Tribulus terrestris L. Extract Protects against Lipopolysaccharide-Induced Inflammation in RAW 264.7 Macrophage and Zebrafish via Inhibition of Akt/MAPKs and NF-κB/iNOS-NO Signaling Pathways.

Inflammation response is a regulated cellular process and excessive inflammation has been recognized in numerous diseases, such as cardiovascular disease, neurodegenerative disease, inflammatory bowel disease, and cancer. Tribulus terrestris L. (TT), also known as Bai Jili in Chinese, has been applied in traditional Chinese medicine for thousands of years while its anti-inflammatory activity and underlying mechanism are not fully elucidated. Here, we hypothesize Tribulus terrestris L. extract (BJL) which presents anti-inflammatory effect, and the action mechanism was also investigated. We employed the transgenic zebrafish line Tg(MPO:GFP), which expresses green fluorescence protein (GFP) in neutrophils, and mice macrophage RAW 264.7 cells as the in vivo and in vitro model to evaluate the anti-inflammatory effect of BJL, respectively. The production of nitric oxide (NO) was measured by Griess reagent. The mRNA expression levels of inflammatory cytokines and inducible nitric oxide synthase (iNOS) were measured by real-time PCR, and the intracellular total or phosphorylated protein levels of NF-κB, Akt, and MAPKs including MEK, ERK, p38, and JNK were detected by western blot. We found that BJL significantly inhibited fin transection or lipopolysaccharide- (LPS-) induced neutrophil migration and aggregation in zebrafish in vivo. In mice macrophage RAW 264.7 cells, BJL ameliorated LPS-triggered excessive release of NO and transcription of inflammatory cytokine genes including tumor necrosis factor-alpha (TNF-α), interleukin-6 (IL-6), and interleukin-1 beta (IL-1ß). BJL also reduced the LPS-induced elevations of intracellular iNOS and nuclear factor kappa B (NF-κB) which mediate the cellular NO and inflammatory cytokine productions, respectively.
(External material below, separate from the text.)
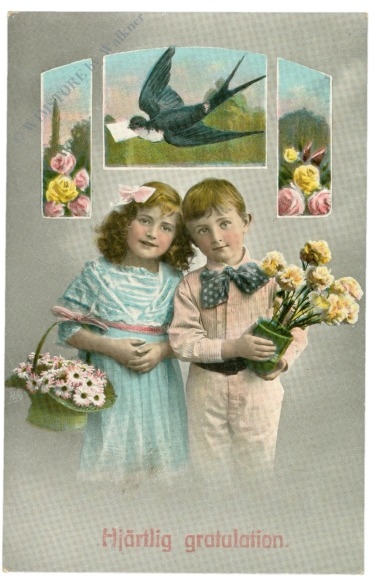glückwünsche, zwei kinder mit blumen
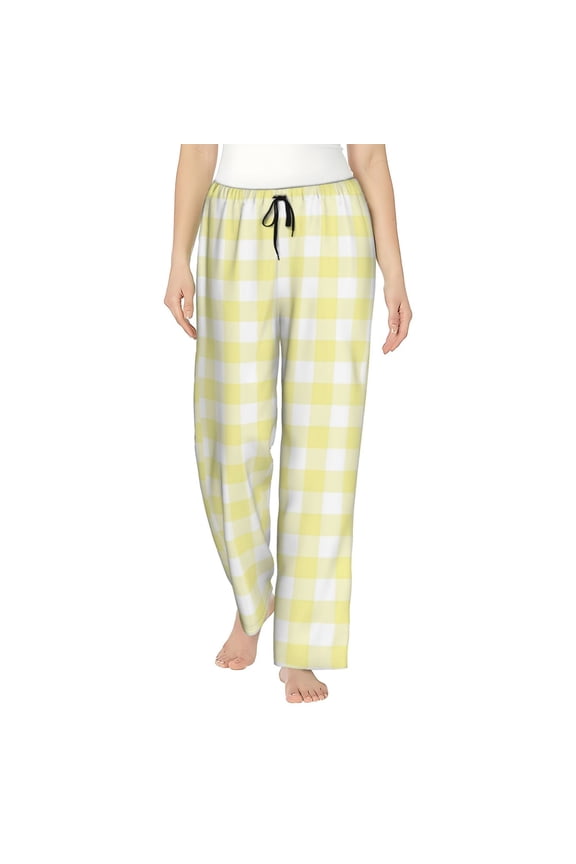 Lemon Yellow Checkboard Women's Straight Lounge Pajama Pants: The Epitome of Relaxed Sleepwear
Moreover, LPS dramatically increased the phosphorylation of Akt and MAPKs including MEK, ERK, p38, and JNK in RAW 264.7 cells, while cotreatment BJL with LPS suppressed their phosphorylation. Taken together, our data suggested that BJL presented potent anti-inflammatory effect and the underlying mechanism was closely related to the inhibition of Akt/MAPKs and NF-κB/iNOS-NO signaling pathways.

Mechanism Study of the Protective Effects of Sodium Tanshinone IIA Sulfonate Against Atorvastatin-Induced Cerebral Hemorrhage in Zebrafish: Transcriptome Analysis.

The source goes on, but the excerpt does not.